Local leaders in the northeast of England have declared that they will resist government efforts to move the region into the highest level of coronavirus restrictions.
Leaders of Northumberland, Newcastle, South and North Tyneside, Gateshead, Sunderland and County Durham agreed that time should be allowed to see whether the current regime is working before any change.
The move marks a further challenge to Boris Johnson’s regional strategy for tackling the disease, after he had to back down on plans to tighten restrictions in Greater Manchester and Lancashire.
Downing Street has said the prime minister wants to reach “maximum consensus” from local authorities over controls in their regions, but denied that they had been given an effective veto. Mr Johnson’s spokesman noted that the government retains the power to impose restrictions if they are not accepted voluntarily.
Health secretary Matt Hancock today voiced frustration at resistance to changes to alert levels from Labour municipal leaders in the north, telling MPs that “working together” is the best way to defeat the virus.
The government has been engaged in discussions with civic leaders in the northeast in recent days on a possible move from Tier 2 “high” restrictions, which bar indoor socialising by different households, to the toughest Tier 3 “very high” alert, which would see pubs, bars and other venues closed.

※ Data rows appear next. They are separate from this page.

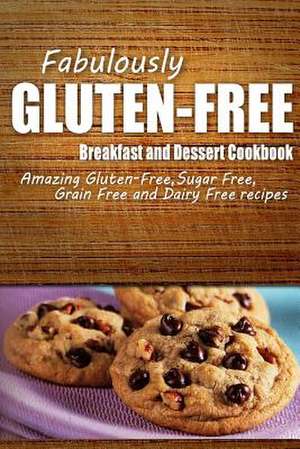 Fabulously Gluten-Free - Breakfast and Dessert Cookbook de Fabulously Gluten-Free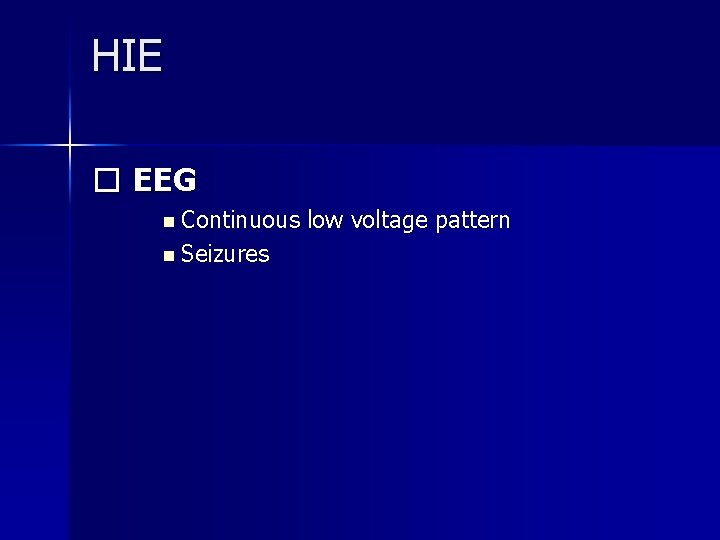 HIE � EEG n Continuous n Seizures low voltage pattern 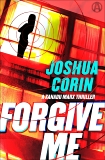 Forgive Me: A Xanadu Marx Thriller, Corin, Joshua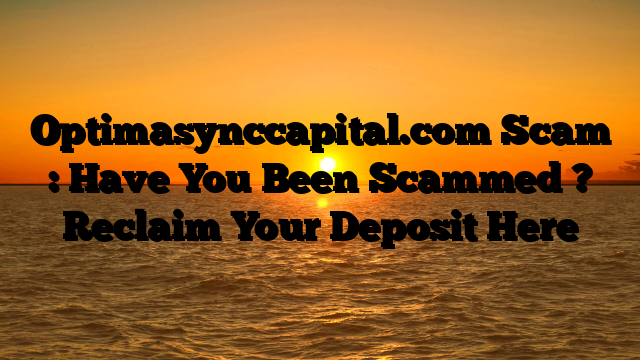 Optimasynccapital.com Scam : Have You Been Scammed ? Reclaim Your Deposit Here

Announcing the northeast leaders’ decision following a meeting this morning, Gateshead Council leader Martin Gannon said the support package proposed for the 100,000 people employed directly and indirectly in the North East’s hospitality sector would be “catastrophically disastrous”.
He said: “We would oppose Tier 3 on those grounds alone, but we think the current strategy is working.”
The current figure for infection rates in Gateshead was 238 per 100,000 up on Wednesday’s figure of 233 per 100,000.
Mr Gannon said: “It’s going up, but slower than it was a week or two weeks ago, it’s not doubling every five days.
“The figures are turning down because we have the support of a significant proportion on the public.”
Mr Gannon said local leaders suspected that the government might be basing its decision on escalating alert levels on the infection rate among over-60s.
“There’s a bit of confusion about what the Government is looking at,” he said. “We think it is based on the number of cases in over-60s.
“It would be helpful if they would clarify that.
“If we are forced into Tier 3, we would like to know the criteria so we would know the criteria to remove us.”
Ministers have said that decisions on restriction levels are made on the advice of the Joint Biosecurity Centre taking into account a range of factors including infection rates, the speed of spread of the virus and the particular circumstances in an area.